▶ **DATA SHOWN**:
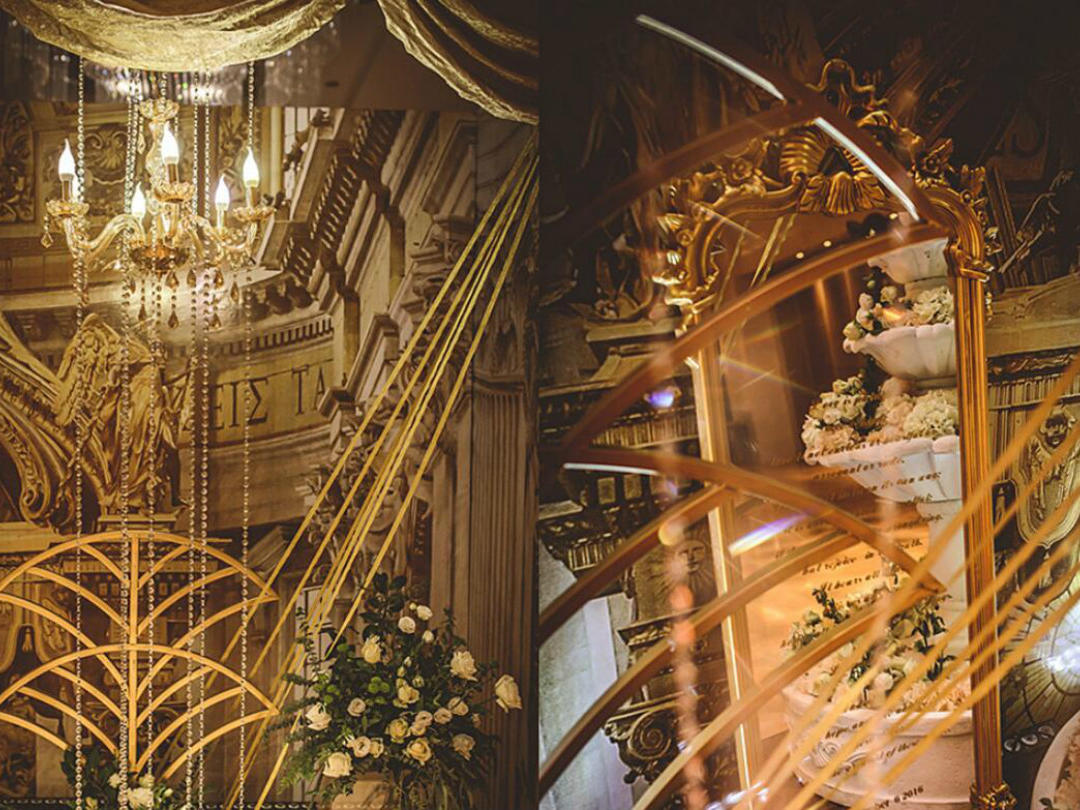 【夏慕婚礼】洛可可的唯美 你是我的一首诗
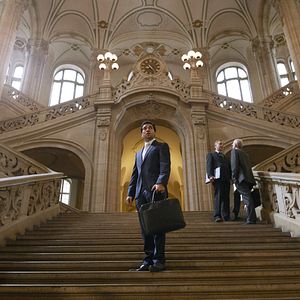 Foto El caso Collini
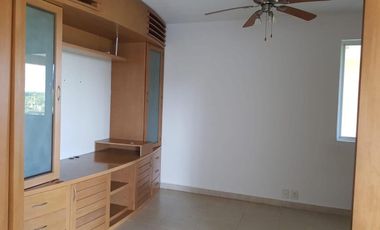 DEPATAMENTO EN RENTA EN RESIDENCIAL LA VISTA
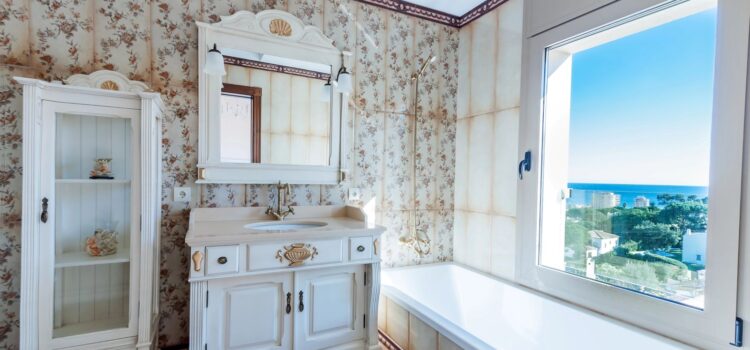 A Peek Inside a Victorian Home Bathroom A Peek Inside a Victorian Home Bathroom
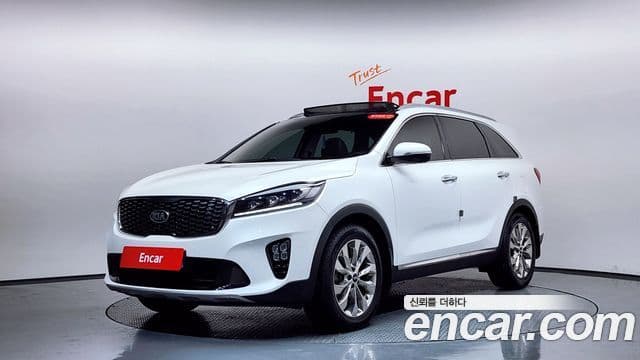 2018 Kia (Киа) The New Sorento — миниатюра 7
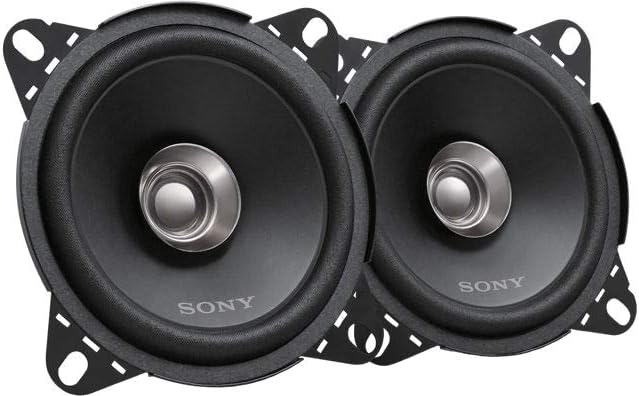 سوني XS-FB101E مكبر صوت ثنائي المخروط مقاس 10 سم (4 بوصة)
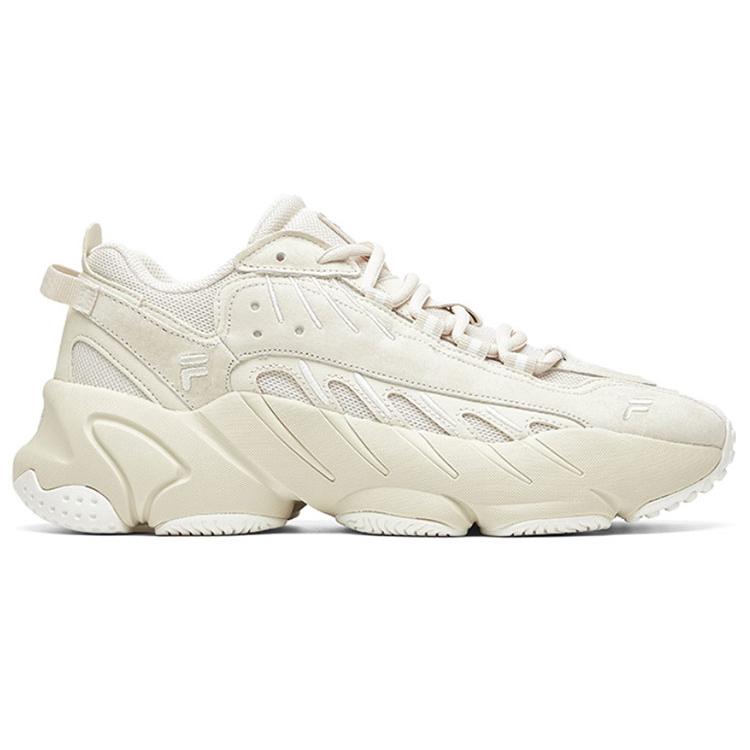 New FILA Ade Vntg Beige F12M011102FSW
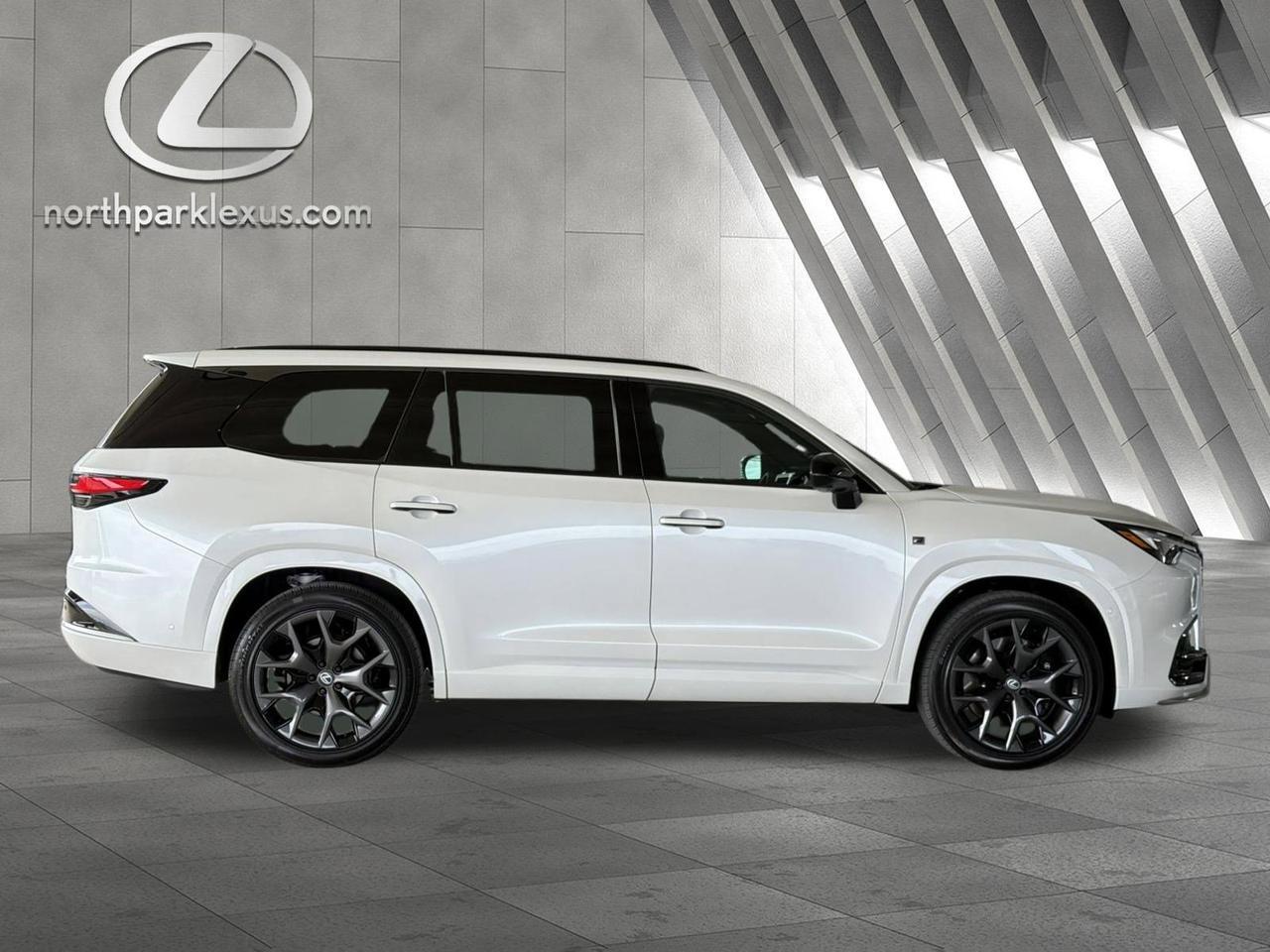 2026 Lexus TX 500h F SPORT Performance Premium San Antonio TX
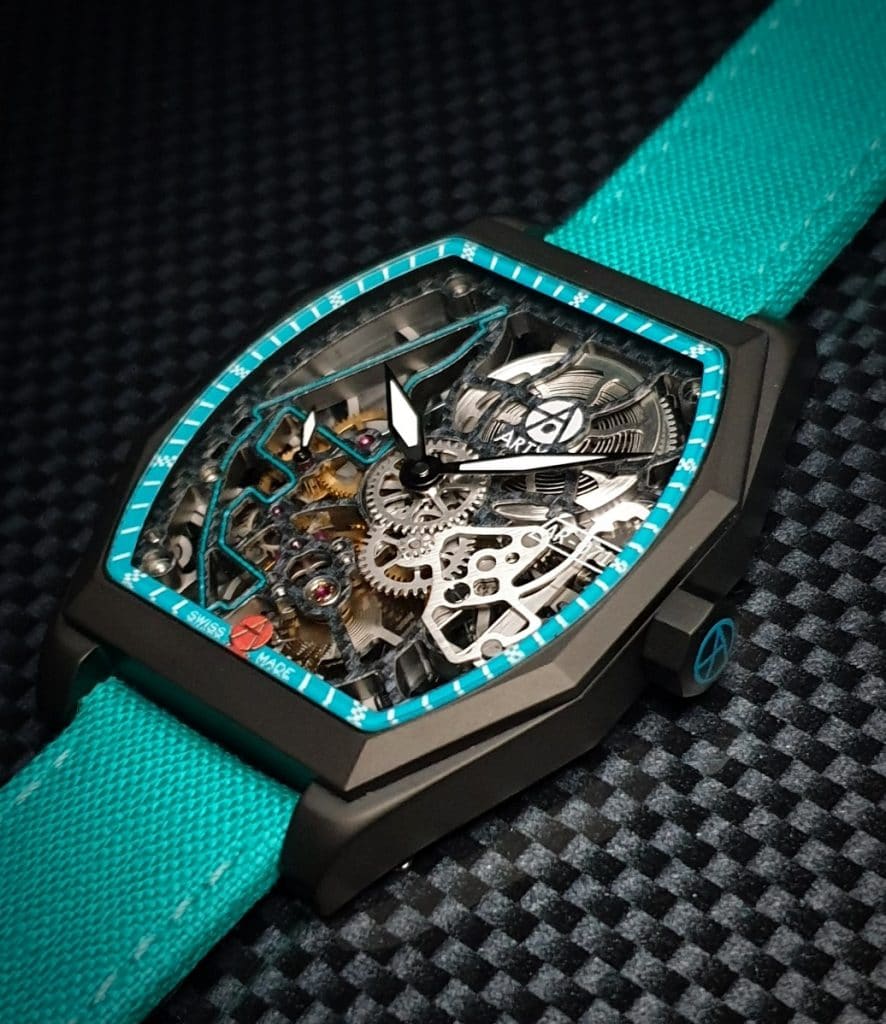 ArtyA Abu Dhabi Formula 1 Circuit Limited Edition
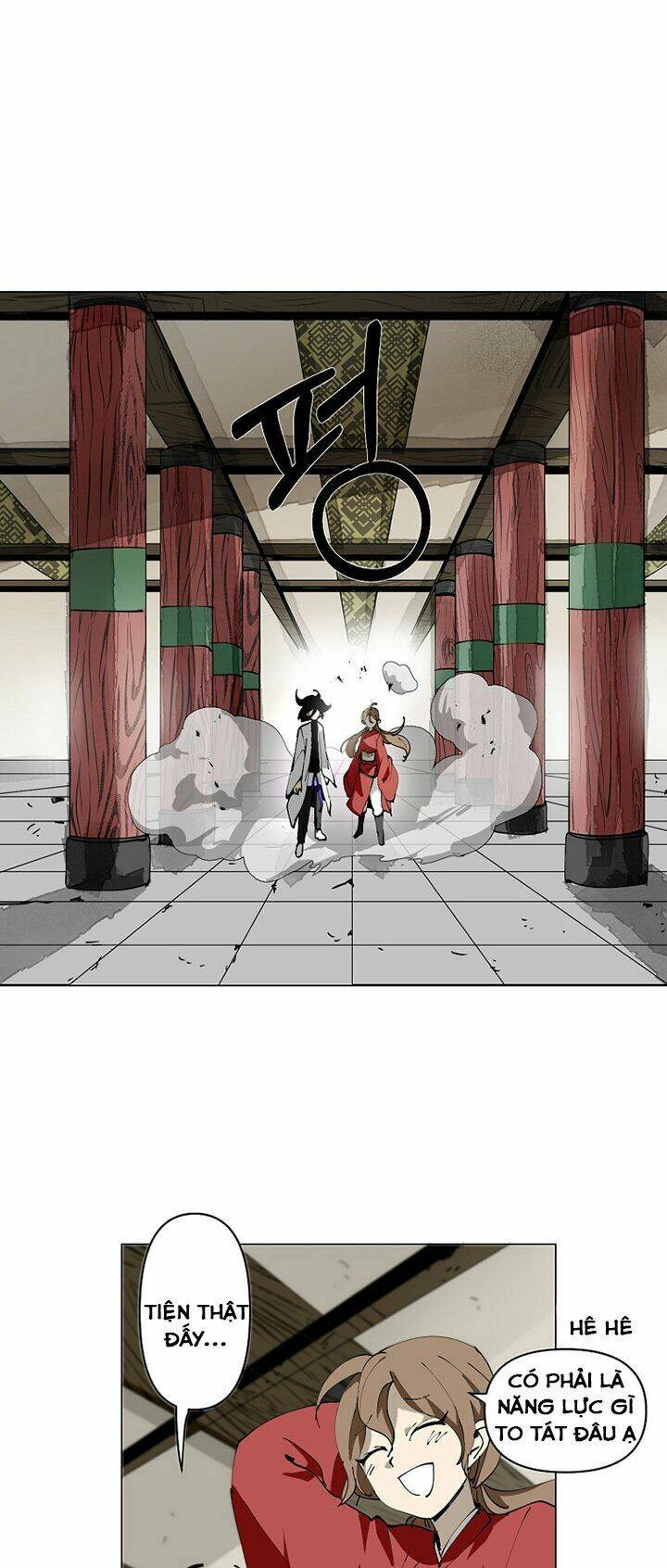 Nỗ Lực: Chapter 5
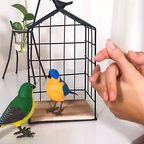 SmartPet Chirping & Singing Bird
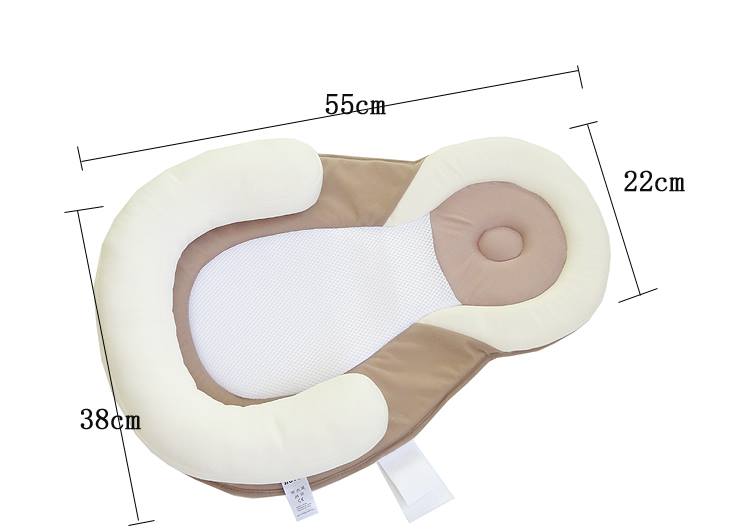 Đệm ngủ đúng tư thế cho bé JJovce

▶ **EXERCISE**:
Output exactly the lines from the one containing "New FILA Ade Vntg Beige F12M011102FSW" through the last line of the records above, both included, and leave out the pictures.

▶ **TASK RESULT**:
 New FILA Ade Vntg Beige F12M011102FSW
 2026 Lexus TX 500h F SPORT Performance Premium San Antonio TX
 ArtyA Abu Dhabi Formula 1 Circuit Limited Edition
 Nỗ Lực: Chapter 5
 SmartPet Chirping & Singing Bird
 Đệm ngủ đúng tư thế cho bé JJovce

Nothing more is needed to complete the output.